Introduction

Hepatitis B virus (HBV) associates approximately 780,000 deaths each year worldwide, mostly due to the chronic hepatitis B infection1. It has been proved that pegylated interferon alfa-2a (pegylated with a branched 40 kDa PEG chain) is an antiviral drug and it has a dual mode of action includes both antiviral and immunomodulatory effects2. The addition of polyethylene glycol to the interferon, through a process known as pegylation enhances the half-life of the interferon when we compared it to its native form3. This drug has been approved around the world, such as EU, U.S., China and many other countries, on the treatment of chronic hepatitis B (CHB).
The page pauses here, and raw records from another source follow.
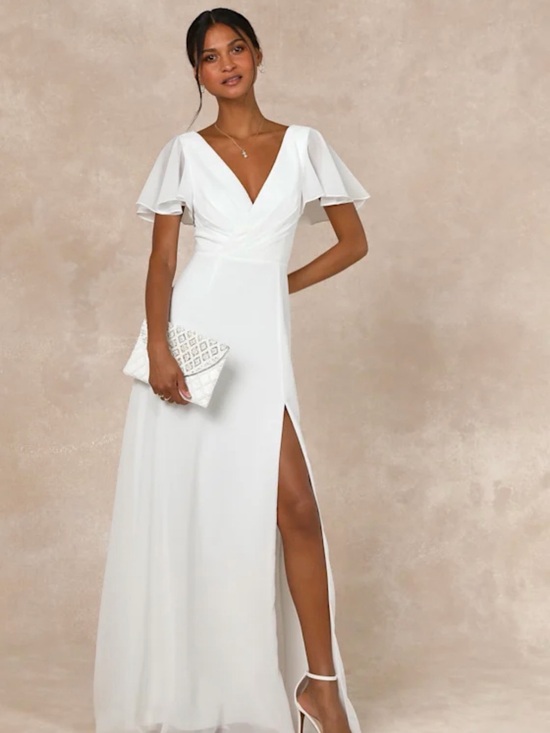Lulus Dresses & Skirts - Beautiful Perfection White Flutter Sleeve Embroidered Maxi Dress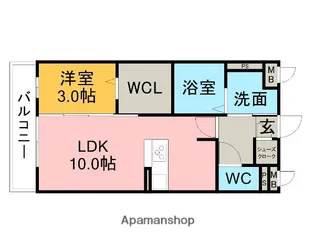 LA VITA【303号室】の間取り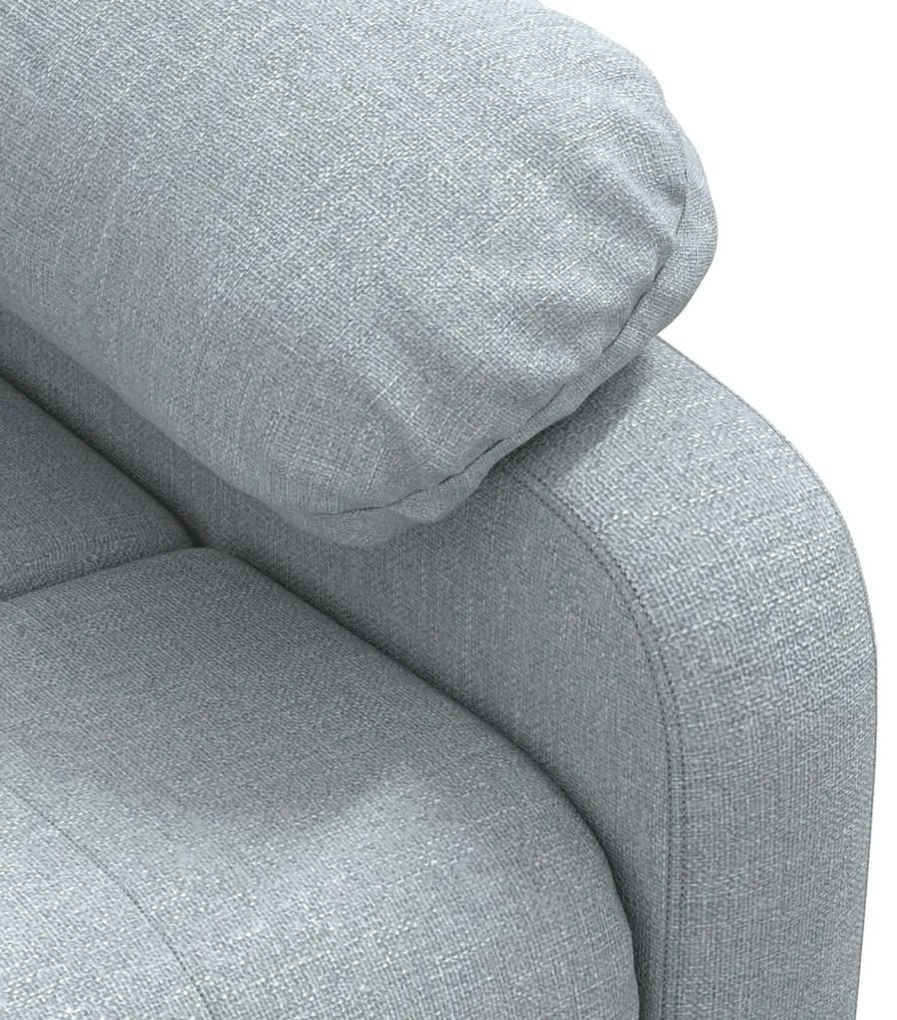 Poltrona de massagens elétrica tecido cinzento-claro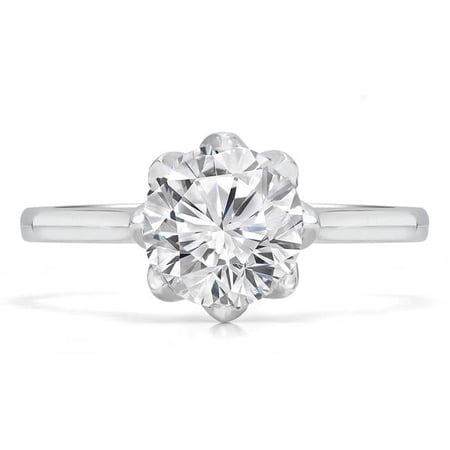 Majesty Diamonds MD210152-9 1 CT Round Diamond 8-Prong Solitaire Engagement Ring in 14K White Gold - Size 9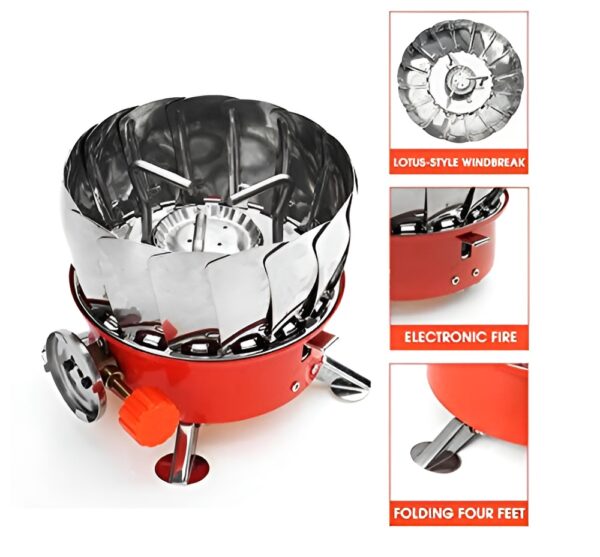 Outdoor Round Windproof camping stove | Mini Gas Stove For Camping And Cooking - Image 11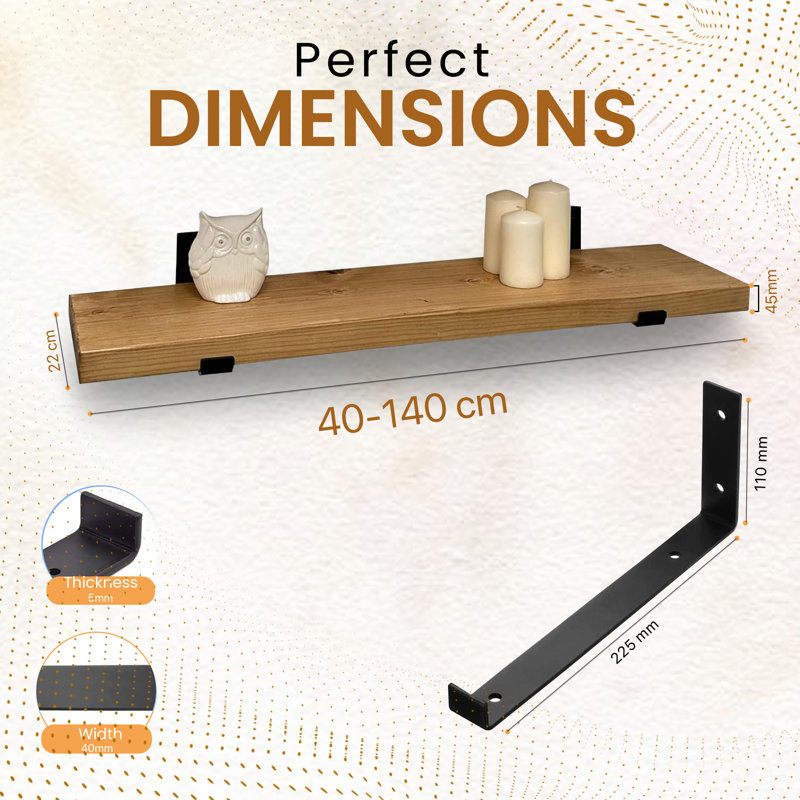 Vaasa 2 Piece Wood, 4.5cm H x 120cm W x 22cm D, Rustic Pine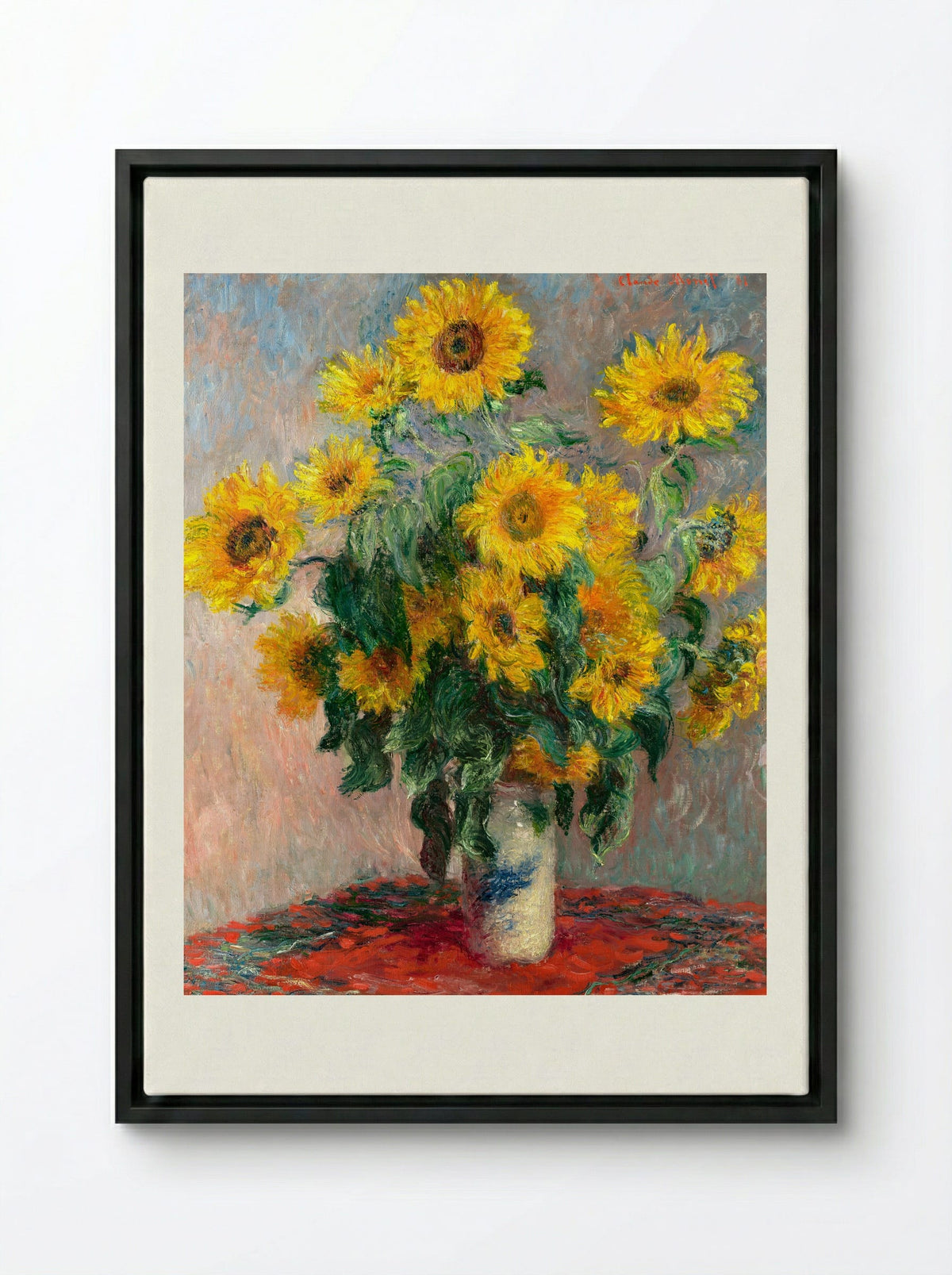 Bouquet of Sunflowers - Claude Monet - Framed Canvas Black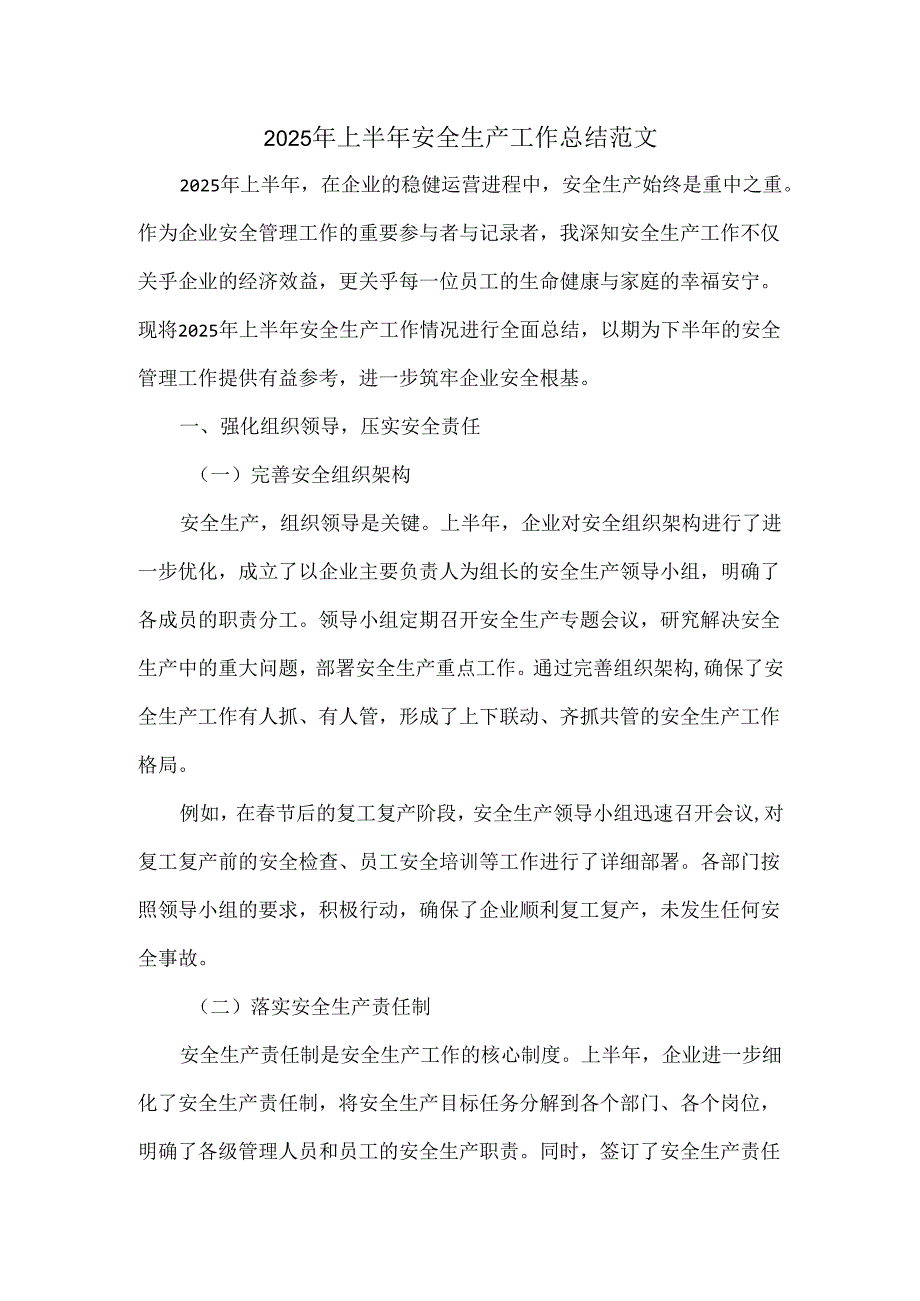 2025年上半年安全生产工作总结范文.docx_第1页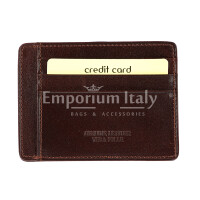 Genuine leather credit card holder for man HONG KONG, DARK BROWN colour, CHIAROSCURO, MADE IN ITALY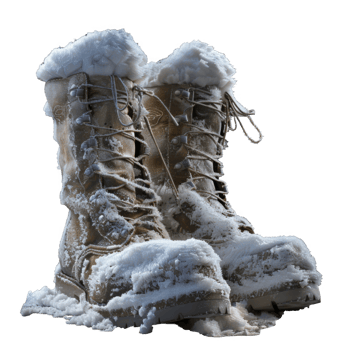 Snow-Covered Hiking Boots in a Winter Scene png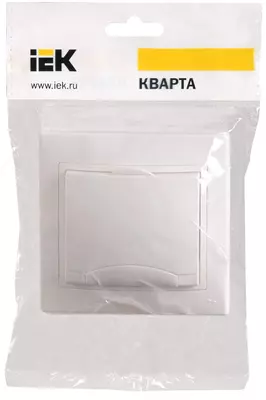1-to'dali RSb10-3-KB rozetkasi yerga ulangan va qopqoq 16 A KVARTA (oq) IEK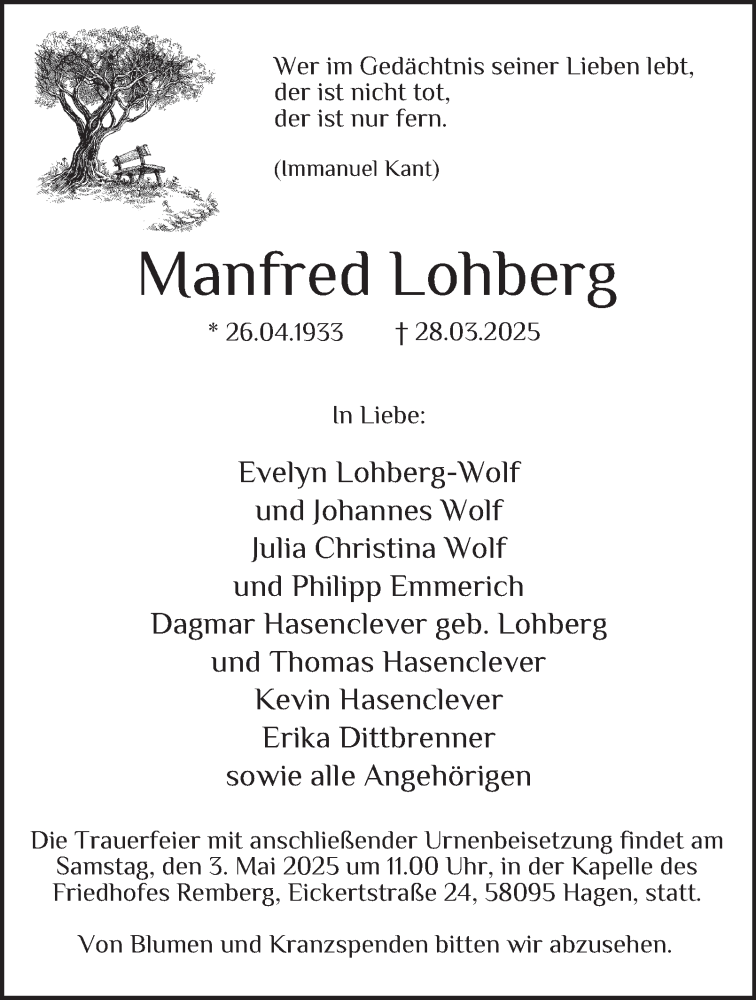  Traueranzeige für Manfred Lohberg vom 19.04.2025 aus Tageszeitung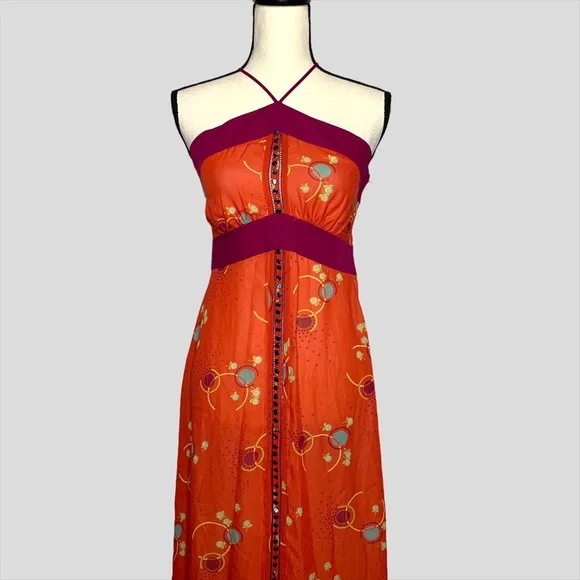 Marc Jacobs | Dresses | Nwt Marc Jacobs Burnt Orange Silk Halter Abstract  Print Casual Summer Dress | Poshmark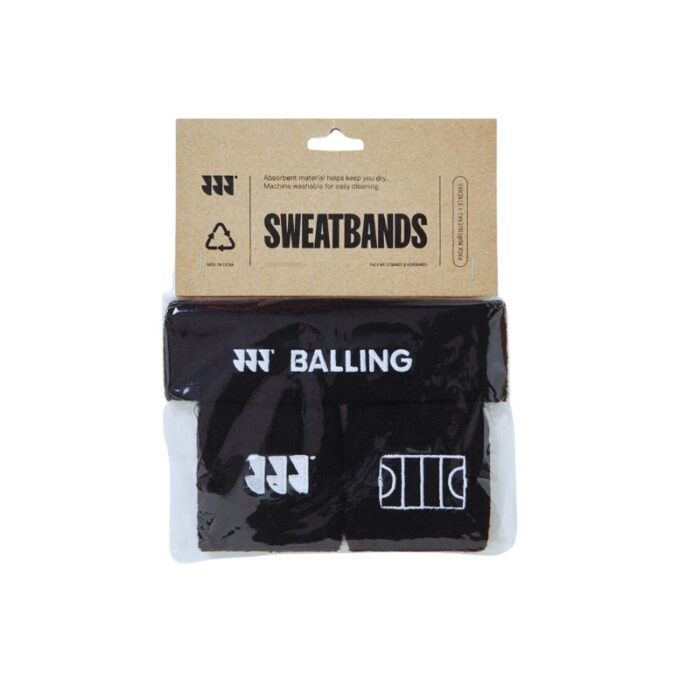 Kit Sweatbands Balling Negro Vincha Y Muñequeras - Talle Único -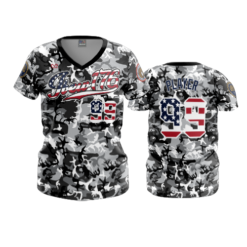 3896 WOMENS V NECK IBEW-176-2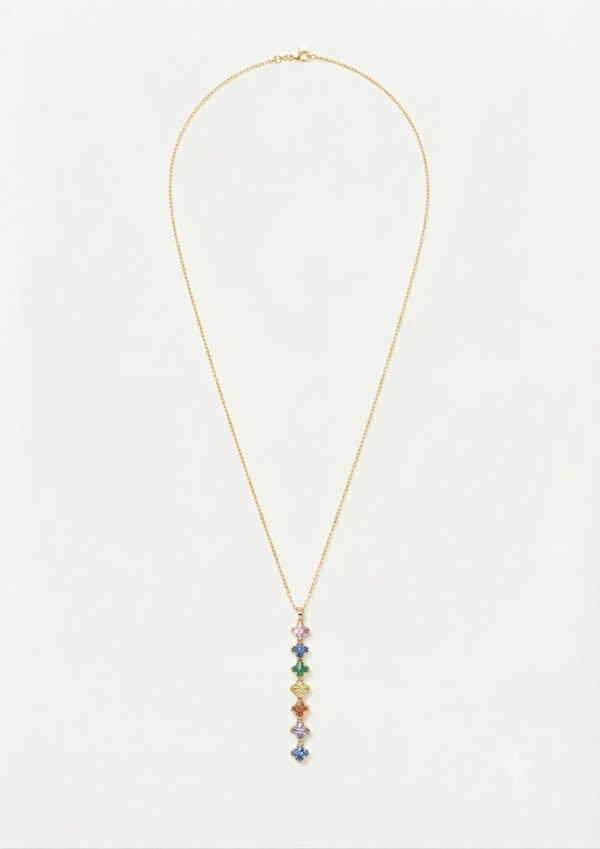 Rainbow Quatrefoil Drop Lux Necklace
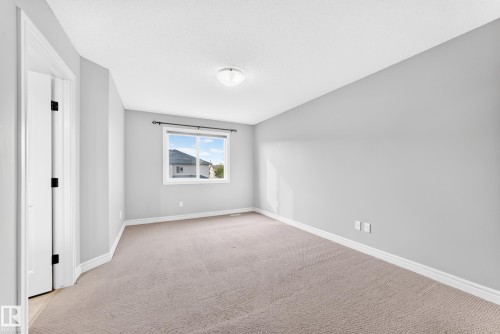 Carpeted flooring with a white trim, light gray painted walls, and a white ceiling light fixture - Edmonton, AB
Numerous international multi-centers randomized controlled clinical trials have proved that for the HBeAg-positive CHB patients, treated with peginterferon α2a 180 μg/week for 48 weeks and follow-up by 24 weeks observation, the HBeAg seroconversion rate was 32~36% and HBsAg seroconversion rate was 2.3~3%4. The significant difference in responses to the treatment among patients was observed5, 6. A preliminary study of the pharmacokinetics on peginterferon α2a in adults has indicated that the coefficient of variation (CV%) of AUC0−t was 36.00%, t1/2Z was 33.67%, Tmax was 30.16%, and Cmax was 36.60%7. We believed that the high inter-individual variability (IIV) of the pharmacokinetic characteristics may be the primary cause for the differences of curative effect.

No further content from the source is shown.